• _What you have to do_
Below are records to repeat exactly; copy them without the pictures.

• _Exercise materials_
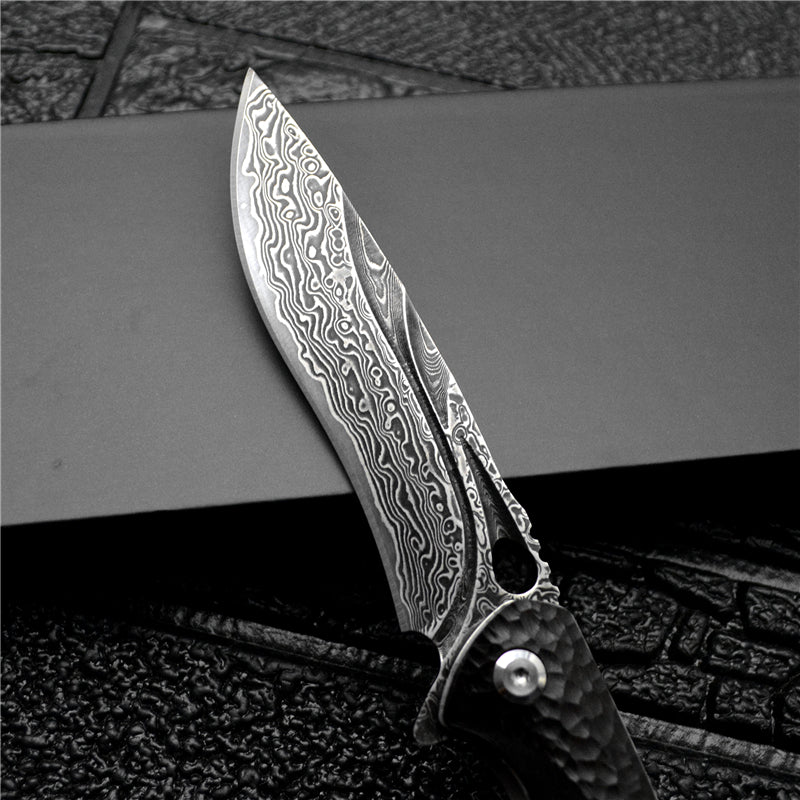 Damascus Folding Knife VG10 Ebony Handle Artisan EDC Collector Outdoor Pocket Knife
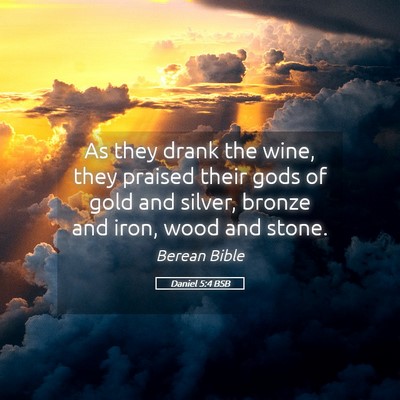 Picture 05 - Daniel 5:4 BSB - As they drank the wine, they praised their gods - Bible Verse Picture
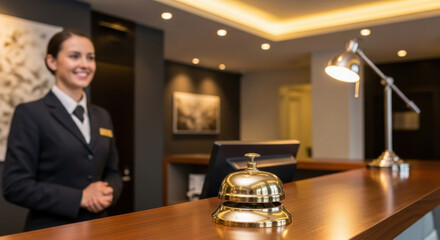 Hotel Lobby Receptionist at Front Desk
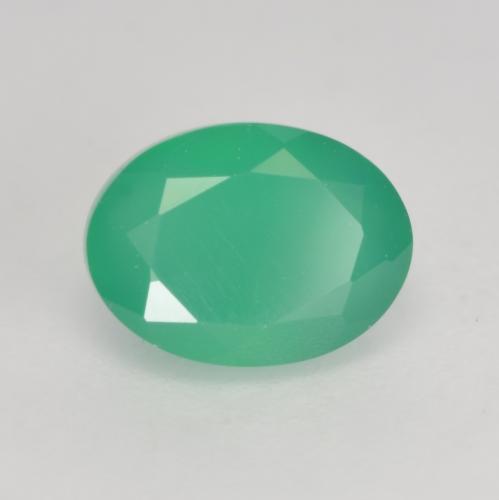 1.37 ct Green Agate Gemstone, Agate Gem in Oval Facet Shape for Sale.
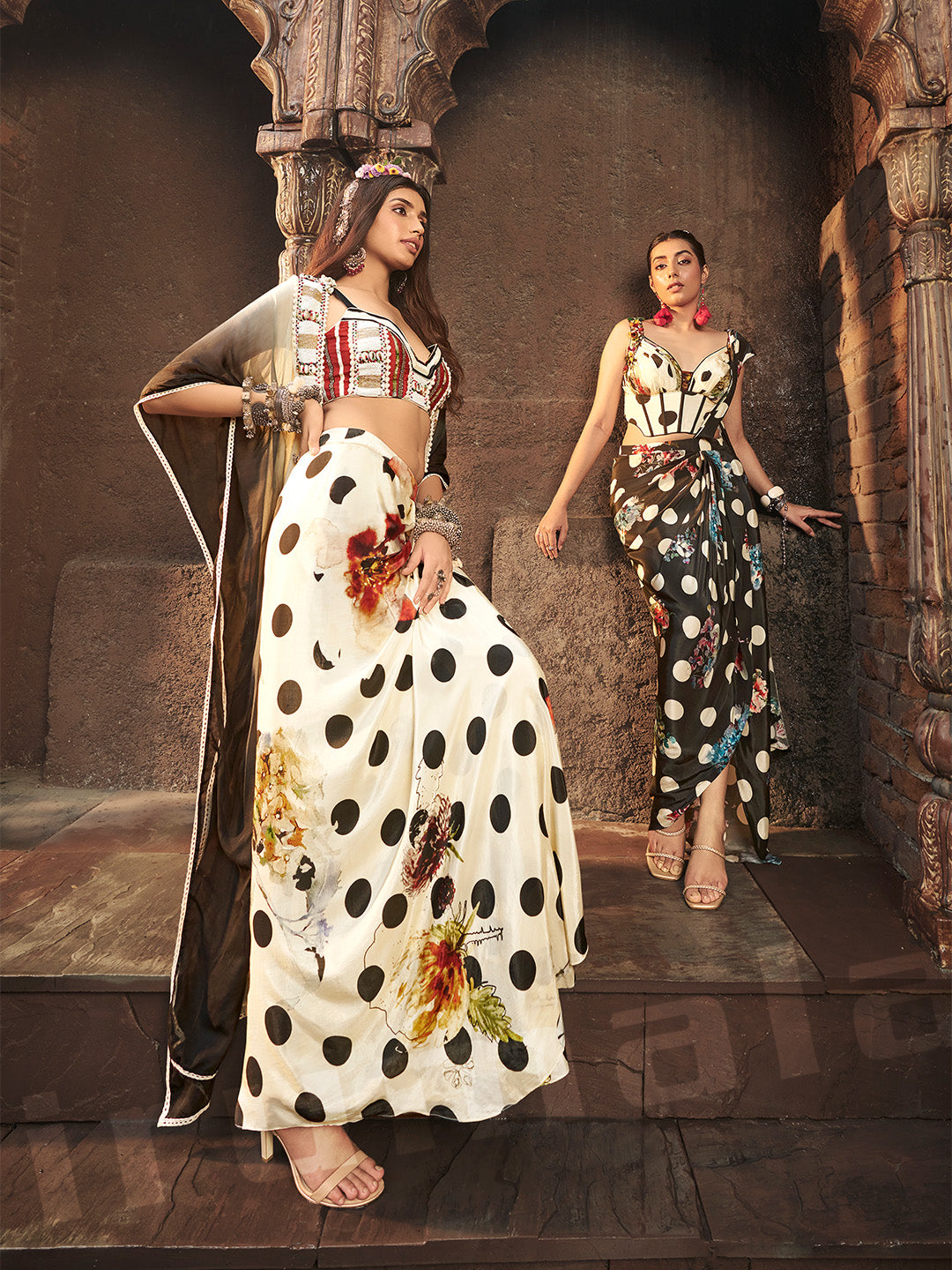 Cream & Black Shaded Drape Skirt With Lace-Work Choli & Cape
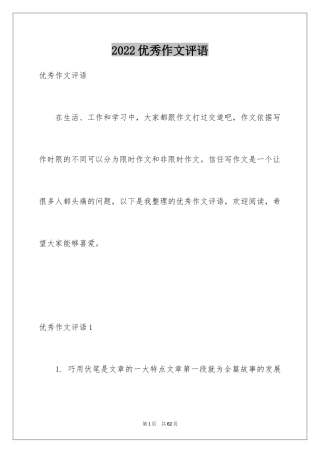 2024优秀作文评语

• _Output of the task_
 Damascus Folding Knife VG10 Ebony Handle Artisan EDC Collector Outdoor Pocket Knife
 Picture 05 - Daniel 5:4 BSB - As they drank the wine, they praised their gods - Bible Verse Picture
 Hotel Lobby Receptionist at Front Desk
 1.37 ct Green Agate Gemstone, Agate Gem in Oval Facet Shape for Sale.
 Cream & Black Shaded Drape Skirt With Lace-Work Choli & Cape
 2024优秀作文评语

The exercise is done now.